Бернар де Голль: С 1940 года. А как еще я мог поступить, нося фамилию де Голль? 16 июня 1940 года вместе с братом Франсуа мы сдали экзамены в Гренобле на аттестат зрелости. А на следующий день мои дяди и мать (отец был парализован) решили, что старшие дети, в том числе мы с братом, а также наши двоюродные братья, должны, не дожидаясь прихода немцев, скрыться в горах. Провели там три недели. Когда вернулись, узнали, что дядя Шарль в Англии, что он возглавил движение Свободной Франции и обратился к стране со знаменитой теперь речью, где призвал всех к сопротивлению. Нашу семью очень хорошо знали в Гренобле. Чтобы избежать ареста, мне пришлось сменить громкую фамилию. На несколько лет я стал Бруно Жираром. Мне было поручено переправлять в Испанию антифашистов. Когда в 1943 году надо мной нависла угроза ареста, сам отправился по их стопам. Через пару месяцев, перебрался в Алжир к дяде Шарлю. Он-то и направил меня в военное училище, которое я закончил осенью 1944-го и получил направление в Первую бронетанковую. В декабре 1945-го демобилизовался.

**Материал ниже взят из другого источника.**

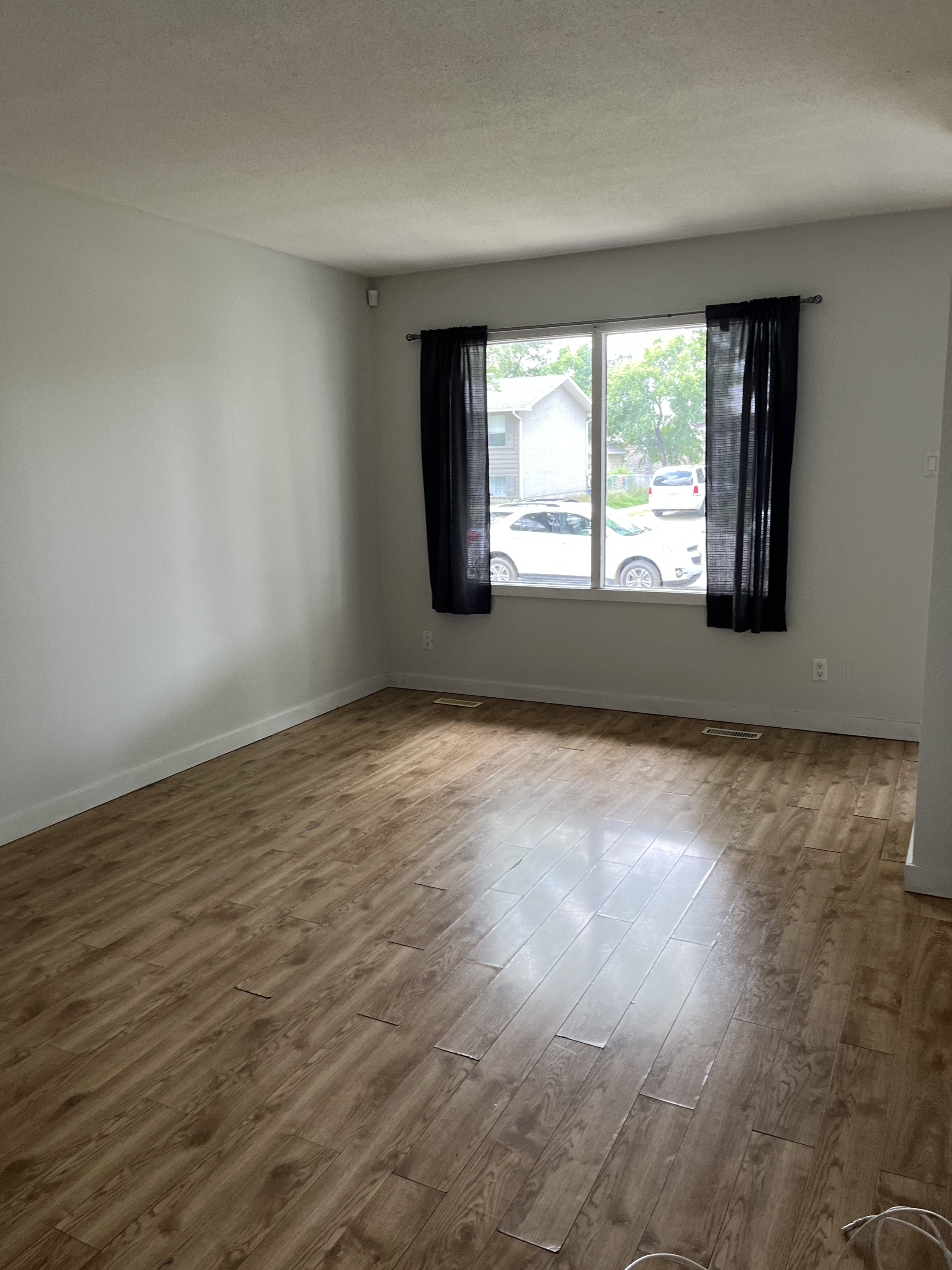 11 Carleton Drive ,-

Каким вы помните Шарля де Голля?
Бернар де Голль: Еще до начала войны я знал, что дядя Шарль - человек выдающийся. Моя бабушка, мать Шарля де Голля, много рассказывала о нем. На наш вопрос, когда дядя станет маршалом Франции, отвечала: всему свое время. На самом деле, дядя был больше, чем маршалом, он стал признанным лидером Франции.

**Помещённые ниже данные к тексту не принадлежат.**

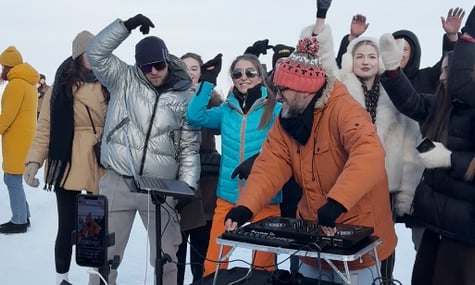 Кияни влаштували вечірку на Київському водосховищі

В нашем понимании Шарль де Голль и Франция - не разделимы.
Бернар де Голль: И в моем тоже. Он - воплощение всего лучшего, что есть во Франции. Эталон государственного деятеля. Честный, преданный стране и народу, со стратегическим мышлением. Одновременно проницательный тактик и прагматик. В 50-е годы и позже мне доводилось часто ездить вместе с дядей по свету. Я видел, с каким уважением к нему относились во всем мире. Для многих глав государств, с которыми мне доводилось общаться, Шарль де Голль являлся моделью. Если Наполеон был самым выдающимся французом XIX века, то де Голль - XX.
Что для вас значит понятие "голлизм"?
Бернар де Голль: Патриотизм, четкое видение подлинных интересов Франции. Политика, основанная на глубоком и всестороннем анализе внутренней и международной обстановки, учет исторических факторов при принятии тех или иных решений. Но главный приоритет, повторюсь, это интересы страны.

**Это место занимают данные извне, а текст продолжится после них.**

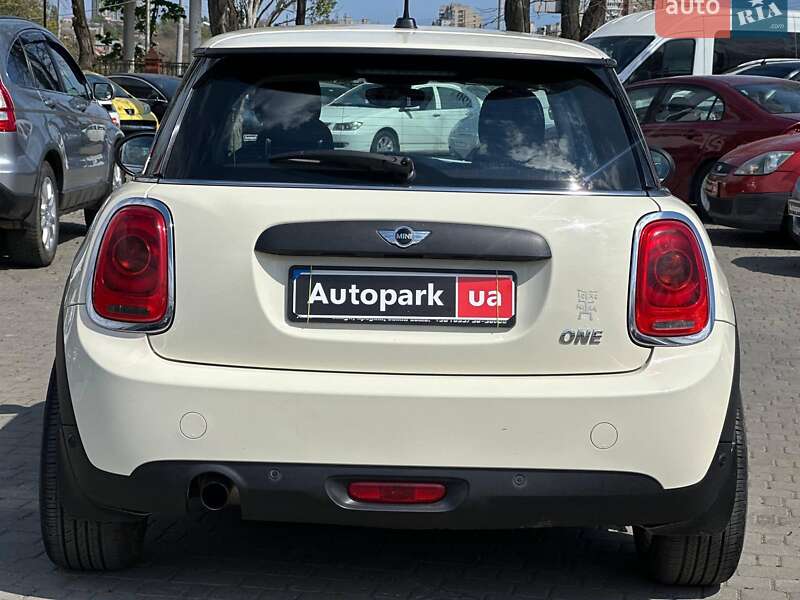 Хэтчбек MINI Hatch 2016 в Одессе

Как относился генерал к России?
Бернар де Голль: В наших беседах он всегда называл вашу страну не СССР, а Россией. Хорошо знал историю и культуру. Для него Россия всегда была верным союзником, союзником привилегированным. Не всегда удобным, но надежным. Дядя с подозрением относился к коммунистической идеологии и необходимость диктатуры пролетариата его, скажем так, не очень убеждала. Он собирал Францию, опираясь на все республиканские силы, за исключением, естественно, предателей. Шарль де Голль считал роль России в победе над нацизмом выдающейся. Высоко ценил русский народ за силу и стойкость, героизм. Он не представлял европейской безопасности без взаимопонимания между Францией и Россией, страной жизненно необходимой для равновесия силовых центров в мире. Россия, по его убеждению, уравновешивала США с их гегемонистскими устремлениями. Так что его фраза о Европе от Атлантики до Урала, а на самом деле до Владивостока, включая весь Советский Союз, была отнюдь не случайной. Он считал, что Россия имеет законное и естественное место в семье европейских народов и вместе они - большая сила. Генерал был убежден в том, что абсолютно необходимо, чтобы Россия была участником создания общего пространства, общего европейского мира.
Вы много времени проводили с Шарлем де Голлем в 50-е и 60-е годы. Как генерал мог повести себя, если бы столкнулся с нынешним кризисом доверия между Западом и Россией из-за украинского кризиса?
Бернар де Голль: После того как Россия встала на путь демократического развития, политика окружения России, продвижения структур НАТО к границам России потеряла всякий смысл. Абсурдным стало само существование НАТО. Думаю, что генерал был бы против такой политики и не позволил бы событиям развиваться в этом направлении.